2020年3月6日に公開された日本映画、「Fukushima 50」は9年経ち、やっと世間からも認められた映画となったかもしれない。
映画の評価はどうであれ、今まである意味タブーとされたこの題材がエンターテインメントに使用されることになったのは大きなステップだと感じたい。
主演キャスト
キャストも日本を代表をする俳優、佐藤浩市と渡辺謙が主演を演じている。他にも豪華な面々が出演しており、吉岡秀隆、火野正平や現在注目の女優、吉岡里帆も佐藤浩市演じる伊崎利夫の娘役で出演している。
当時、東日本大震災が起こった時には関西方面にいて高校生だったという彼女。
他の出演陣の多くは恐らく関東方面にいて、当時の状況も年齢ながら鮮明に覚えており心境や自分の身に起きたこととも照らし合わせながら演じることができただろう。
しかし、このような歴史映画の場合、若者を演じるのは少なくとも当時の状況を肌で感じられなかった世代も多いかもしれない。

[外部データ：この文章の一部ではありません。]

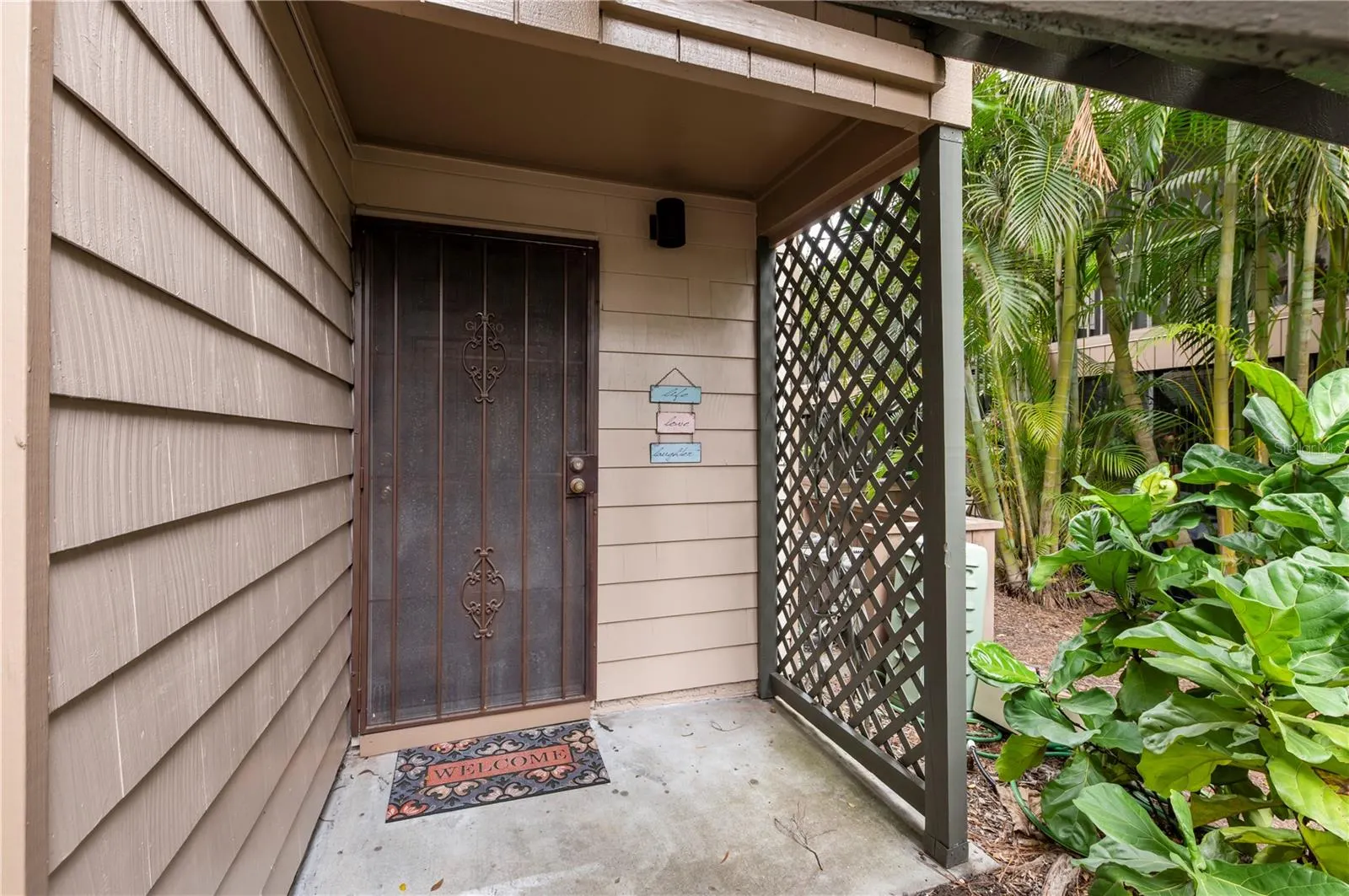 1720 GLENHOUSE DR #330, #330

多数インタビューでも吉岡はそのような状況でもテーマに取り組み役を真摯に演じた様子が語られている。また、周りのキャスト陣の支えもあり、避難所で父の安否を案じる娘を演じきっていた。
真近で感じられなかった、当時避難所にいなかったかもしれない出演陣が、その場の状況を演じることはベテランの俳優でも、フィクションではない役を演じることは難しいはずだ。それをバックアップするように、この映画でも話題になっていたのは、セットや背景の再現度だという。
「ホワイトアウト」、「沈まぬ太陽」などでも知られる監督・若松節朗はこの当時の状況を見事に再現し、実際に尽力していた職員も涙するほどの精密な作りだったという。
キャストの面々を見ても、豪華な出演陣による名作と言わざるを得ないラインナップだが、この映画が注目され、美化をされているという反応がありながらもなお鑑賞者数が多いのは、演じた彼らだけでない。それを支え、色を添えた発電所などのセットなのであろう。
多くの人に知ってもらい、その時何が行われていたか、実際に何をしたのかを伝えることは真意でもあり、それがマーケティングというものだ。ただ実際に被害にあったり、体験した人たちにとっては、単なるエンターテインメントと捉えられることもあるだろう。
原発事故
再現VTRやニュースなどによる当時の状況のレポートなどは今まであったが、この福島の原発事故をこのように映画の歴史に刻む作品を初めて残したことは、私は不可欠のことであると感じた。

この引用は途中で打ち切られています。